Abstract

We compared [18F]fluoro-2-deoxy-2-d-glucose (FDG) versus 3′-deoxy-3′-[18F]fluorothymidine (FLT) for the purpose of identifying active pelvic bone marrow (BM), quantifying its locational variation, and determining which technique is likely to be better for BM-sparing radiation planning.We sampled 41 patients, of which 25 underwent FDG-PET/CT only, 7 underwent FLT-PET/CT only, and 9 underwent both. Active BM subvolumes were defined as subsets of the pelvic BM with the highest standardized uptake values comprising 40%, 50%, and 60% of the total pelvic BM volume. We used the Dice similarity coefficient to quantify the percent overlap of active BM volumes of equal size. Differences in the spatial distribution of active BM were assessed using a region-growing algorithm.For patients with both modalities, the mean Dice coefficients for the 40%, 50%, and 60% subvolumes were 0.683, 0.732, and 0.781 respectively.

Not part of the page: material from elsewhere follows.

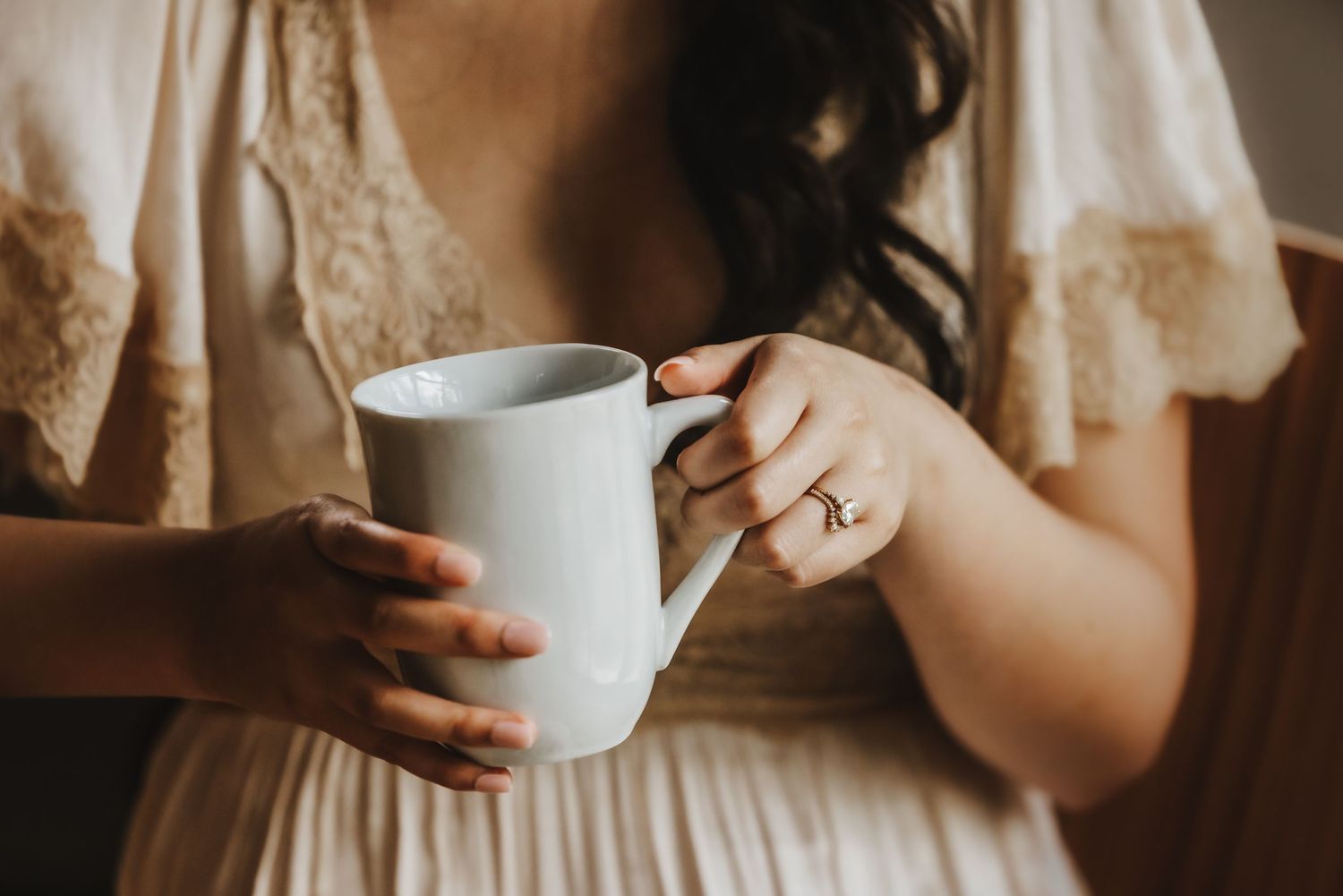 Close-up of delicate lace details and teacups in warm indoor lighting.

Comparing individual active BM subvolumes to the mean subvolume, Dice coefficients varied from 0.598–0.889 for FDG and 0.739–0.912 for FLT. Region growing analysis showed FLT-PET defined more highly clustered active BM subvolumes.Within the limitations of a small sample size, we found significant agreement between FDG-PET and FLT-PET; however, FLT-PET had significantly less individual variation and is likely to be superior to FDG-PET for BM-sparing radiotherapy.